_ACTIVITY_
In the data below, restate exactly the lines from the one with "OH license plate GKA6278" to the final line, both included, but not the pictures.

----- SUPPLIED RECORDS -----

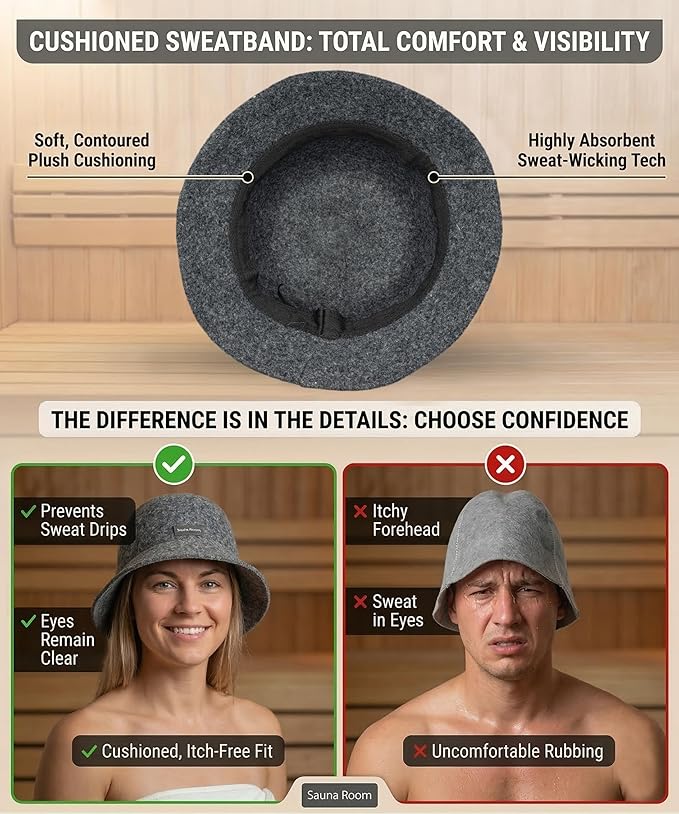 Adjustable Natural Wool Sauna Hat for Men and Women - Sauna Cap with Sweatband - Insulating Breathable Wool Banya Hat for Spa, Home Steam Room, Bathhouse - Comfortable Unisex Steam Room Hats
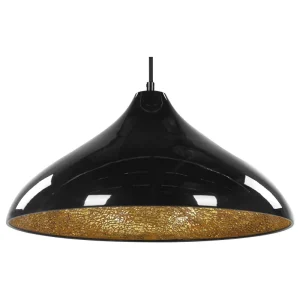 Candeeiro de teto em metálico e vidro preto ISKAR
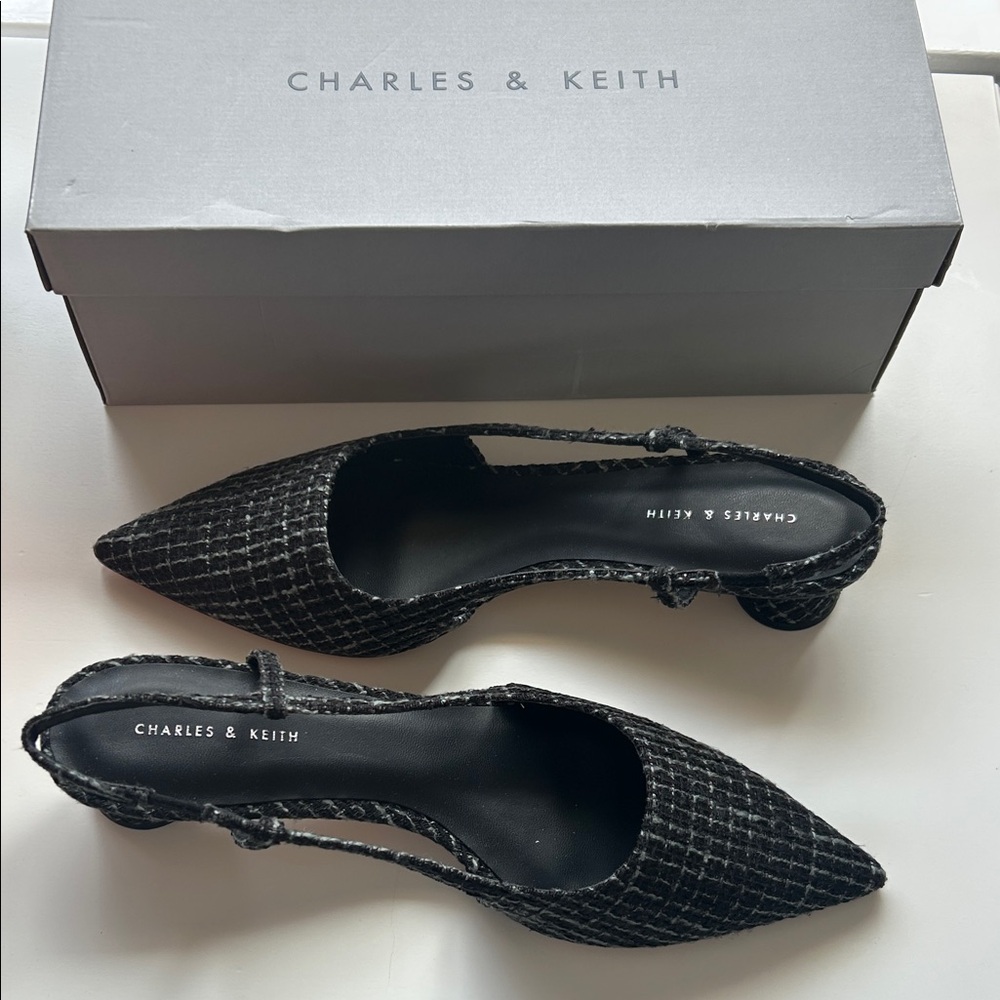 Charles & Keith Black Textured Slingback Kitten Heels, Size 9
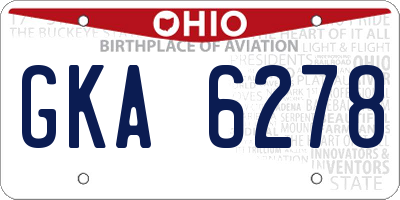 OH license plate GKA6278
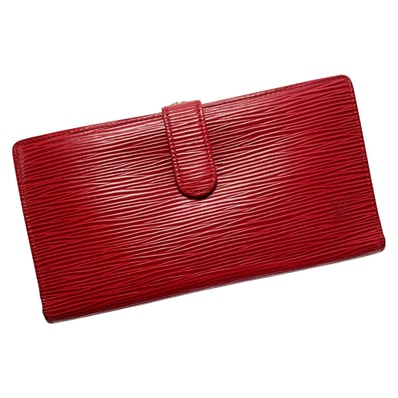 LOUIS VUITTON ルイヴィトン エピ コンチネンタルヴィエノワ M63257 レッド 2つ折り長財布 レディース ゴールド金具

-----

_TASK ANSWER_
 OH license plate GKA6278
 LOUIS VUITTON ルイヴィトン エピ コンチネンタルヴィエノワ M63257 レッド 2つ折り長財布 レディース ゴールド金具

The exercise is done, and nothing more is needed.